* PROBLEM STATEMENT
The line containing "Versatile Metal Alloy O-Ring Key Hooks" marks the end: restate word for word every line from the first line of the entries below through that one.

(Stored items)
+++++

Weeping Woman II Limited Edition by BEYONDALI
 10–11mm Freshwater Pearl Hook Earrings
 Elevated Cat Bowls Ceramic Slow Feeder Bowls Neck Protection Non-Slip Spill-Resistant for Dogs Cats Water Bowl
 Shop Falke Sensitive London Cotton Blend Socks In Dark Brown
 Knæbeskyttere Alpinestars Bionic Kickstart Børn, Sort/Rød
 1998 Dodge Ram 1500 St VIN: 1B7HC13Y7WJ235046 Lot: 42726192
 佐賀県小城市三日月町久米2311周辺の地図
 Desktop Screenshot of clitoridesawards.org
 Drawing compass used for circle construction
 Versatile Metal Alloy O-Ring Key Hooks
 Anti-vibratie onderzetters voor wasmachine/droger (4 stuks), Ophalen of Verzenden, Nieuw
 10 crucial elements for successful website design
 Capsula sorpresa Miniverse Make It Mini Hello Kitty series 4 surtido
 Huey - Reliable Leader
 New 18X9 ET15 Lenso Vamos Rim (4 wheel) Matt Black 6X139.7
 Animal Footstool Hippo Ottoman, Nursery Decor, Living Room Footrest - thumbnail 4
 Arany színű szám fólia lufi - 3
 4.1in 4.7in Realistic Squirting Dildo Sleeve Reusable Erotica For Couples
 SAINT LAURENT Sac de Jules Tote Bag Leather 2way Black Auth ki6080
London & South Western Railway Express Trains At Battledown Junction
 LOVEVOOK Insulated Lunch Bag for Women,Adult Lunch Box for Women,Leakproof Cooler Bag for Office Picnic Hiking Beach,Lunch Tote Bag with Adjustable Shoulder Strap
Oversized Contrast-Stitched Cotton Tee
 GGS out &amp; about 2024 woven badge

+++++

* RESPONSE BOX
Weeping Woman II Limited Edition by BEYONDALI
 10–11mm Freshwater Pearl Hook Earrings
 Elevated Cat Bowls Ceramic Slow Feeder Bowls Neck Protection Non-Slip Spill-Resistant for Dogs Cats Water Bowl
 Shop Falke Sensitive London Cotton Blend Socks In Dark Brown
 Knæbeskyttere Alpinestars Bionic Kickstart Børn, Sort/Rød
 1998 Dodge Ram 1500 St VIN: 1B7HC13Y7WJ235046 Lot: 42726192
 佐賀県小城市三日月町久米2311周辺の地図
 Desktop Screenshot of clitoridesawards.org
 Drawing compass used for circle construction
 Versatile Metal Alloy O-Ring Key Hooks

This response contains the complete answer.